Dans ces paysages divers que le peintre accorde avec son ciel, il met des personnages qui ont du faste, de belles manières, de grandes allures; et des animaux aristocratiques, des lévriers, des chevaux de race, des paons et des oiseaux. Dans l'apparat des cours, ce sont devant ces dames en vertugadins serrés dans le corps de baleine, les saluts profonds des jeunes cavaliers, saluts si inclinés qu'ils font traîner, sur le sol, les plumes des feutres.
La sortie de l'église d'un mariage princier, la scène de la cathédrale de Faust, lui offrent souvent le thème d'un motif aimé. Les murs de la vieille église lui servent de fond. Le trou ogival et profond de la porte entr'ouverte laisse passer les derniers accords de l'orgue. Serrée par la foule, une mariée sort, hésitante, habillée de dentelles, de gaze fine et transparente comme des ailes de libellule. Elle appuie son bras sur le nouvel époux très empressé. La foule les entoure et leur fait un cadre d'extrême élégance, en même temps que des plus sublimées couleurs; alors que, dans la douceur de ces irisations, le vermillon cru d'un habit de suisse ou les plumes d'un Méphisto jettent dans cette douce musique de couleurs un éclat de timbre étrange qui n'en détruit point l'harmonie générale.

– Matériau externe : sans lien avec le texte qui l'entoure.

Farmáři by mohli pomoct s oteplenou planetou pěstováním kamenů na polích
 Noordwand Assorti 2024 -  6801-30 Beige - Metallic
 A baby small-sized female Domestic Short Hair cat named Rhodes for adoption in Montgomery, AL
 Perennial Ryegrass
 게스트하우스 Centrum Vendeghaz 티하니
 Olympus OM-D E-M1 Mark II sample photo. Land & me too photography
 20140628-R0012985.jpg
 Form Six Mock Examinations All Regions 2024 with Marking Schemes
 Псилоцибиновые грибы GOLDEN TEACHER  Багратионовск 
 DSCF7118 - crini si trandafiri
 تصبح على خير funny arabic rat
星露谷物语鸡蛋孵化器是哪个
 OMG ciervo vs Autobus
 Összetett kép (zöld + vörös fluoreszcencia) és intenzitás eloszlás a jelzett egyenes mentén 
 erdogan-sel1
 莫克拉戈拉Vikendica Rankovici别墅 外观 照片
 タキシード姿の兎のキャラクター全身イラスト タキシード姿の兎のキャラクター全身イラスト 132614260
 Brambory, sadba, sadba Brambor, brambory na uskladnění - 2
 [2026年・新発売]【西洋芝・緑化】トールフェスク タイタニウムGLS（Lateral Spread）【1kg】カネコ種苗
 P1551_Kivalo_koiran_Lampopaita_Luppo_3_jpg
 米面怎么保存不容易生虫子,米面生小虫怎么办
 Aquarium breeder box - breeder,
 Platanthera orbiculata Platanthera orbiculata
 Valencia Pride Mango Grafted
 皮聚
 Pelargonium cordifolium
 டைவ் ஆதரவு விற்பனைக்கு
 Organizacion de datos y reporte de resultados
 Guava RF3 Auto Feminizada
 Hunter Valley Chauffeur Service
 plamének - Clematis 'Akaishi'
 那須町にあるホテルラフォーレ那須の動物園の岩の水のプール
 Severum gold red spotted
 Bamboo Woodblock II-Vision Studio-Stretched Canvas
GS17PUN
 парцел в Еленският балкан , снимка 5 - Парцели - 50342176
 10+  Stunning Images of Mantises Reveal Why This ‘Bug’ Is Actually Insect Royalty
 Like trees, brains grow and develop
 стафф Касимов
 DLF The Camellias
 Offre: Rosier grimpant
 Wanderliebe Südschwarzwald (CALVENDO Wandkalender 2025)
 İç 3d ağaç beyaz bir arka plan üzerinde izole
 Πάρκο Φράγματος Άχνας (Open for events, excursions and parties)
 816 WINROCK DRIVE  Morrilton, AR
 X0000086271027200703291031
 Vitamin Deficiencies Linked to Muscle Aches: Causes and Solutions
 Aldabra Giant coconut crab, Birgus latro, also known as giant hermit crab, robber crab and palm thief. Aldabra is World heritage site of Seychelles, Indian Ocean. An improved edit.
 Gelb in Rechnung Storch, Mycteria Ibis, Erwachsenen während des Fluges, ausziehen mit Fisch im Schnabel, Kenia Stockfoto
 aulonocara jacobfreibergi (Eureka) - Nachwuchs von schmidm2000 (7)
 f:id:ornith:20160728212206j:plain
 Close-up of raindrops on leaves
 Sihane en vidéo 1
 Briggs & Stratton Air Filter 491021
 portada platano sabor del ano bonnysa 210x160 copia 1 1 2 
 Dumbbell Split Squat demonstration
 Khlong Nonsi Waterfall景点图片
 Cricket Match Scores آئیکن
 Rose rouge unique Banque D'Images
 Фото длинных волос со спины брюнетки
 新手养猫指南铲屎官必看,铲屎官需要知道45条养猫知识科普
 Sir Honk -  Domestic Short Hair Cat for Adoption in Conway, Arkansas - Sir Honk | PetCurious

L'œil seul du coloriste a accompli ce miracle.
C'est encore, dans ces diverses toiles, l'apparition de personnages nouveaux, de silhouettes inaperçues d'abord, jaillissant de tous côtés; et, souvent, un beau morceau de nature morte, une étoffe de couleur et de dessin d'un japonisme précieux; détails qui contribuent, sans lui nuire jamais, à la beauté de l'ensemble.
Quand Monticelli peint l'enfant, il le comprend autrement que les autres peintres. Ce n'est pas l'ange des Murillo, ni le poupon rose des Boucher, autre encore que chez Fragonard et que chez Chardin; c'est pour lui l'être de rêve encore, prometteur des grâces et des délicatesses féminines. C'est l'exquis bourgeon féminin gentiment nu, la femme en miniature, avec sur sa chair la «délicate fleur de ton» du poète. Car nul mieux que lui ne sait accrocher plus délicatement, plus sûrement, les touches lumineuses, qui sur ces chairs «font de la vie». Puis, il leur donne des poses délicieuses, coutumières, mais ennoblies, des jeux aristocratisés.
Comme d'une décoration vivante, il en fera aussi un tableau dont le souvenir nous est précieux. C'est peut-être sous l'inspiration de la parole du Christ: «Laissez venir à moi les petits enfants,» que Monticelli fit un chef d'œuvre que le vieux Rembrandt à son tour eût salué[46].
[46] Ce tableau est au musée d'Amsterdam.
Il édifie souvent, sur des fonds ténébreux, de bruissantes fontaines dont il compose la riante architecture avec des enfants, des femmes et des fleurs[47]. Mais avec passion, Monticelli retourne à ses scènes galantes et les varie à l'infini par l'arrangement et l'effet, car ses scènes, si elles se ressemblent, ne se répètent jamais. Ce seront de nouveaux madrigaux, de nouvelles aubades galantes, l'occasion d'un caquetage de femmes, autour d'une table de jardin où des enfants jouent, les poses charmeresses de jeunes filles caressant des oiseaux; tout l'ensorcellement magnétique du geste féminin.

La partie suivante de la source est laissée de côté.